YOUR INSTRUCTIONS:
Please reproduce the listing verbatim, without its images.

THE DATA:

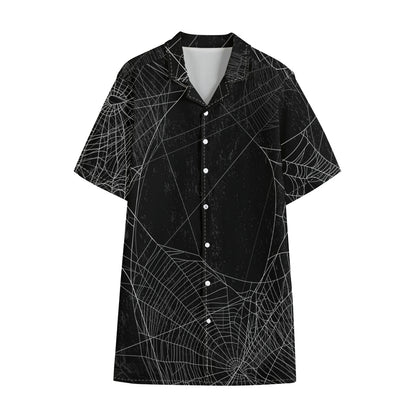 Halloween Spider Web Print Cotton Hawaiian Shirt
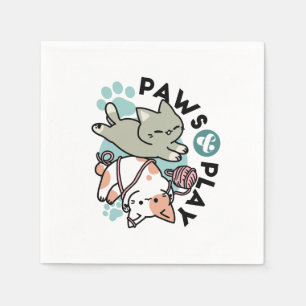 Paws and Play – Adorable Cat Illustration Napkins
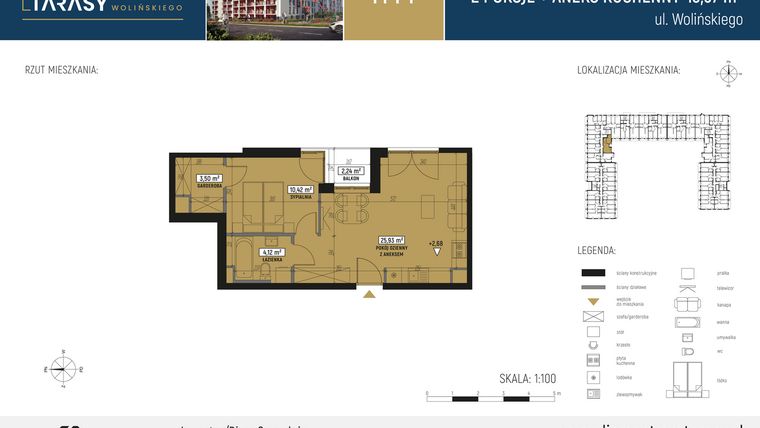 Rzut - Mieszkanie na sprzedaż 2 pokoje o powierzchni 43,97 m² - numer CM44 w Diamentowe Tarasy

WRITTEN SOLUTION:
 Halloween Spider Web Print Cotton Hawaiian Shirt
 Paws and Play – Adorable Cat Illustration Napkins
 Rzut - Mieszkanie na sprzedaż 2 pokoje o powierzchni 43,97 m² - numer CM44 w Diamentowe Tarasy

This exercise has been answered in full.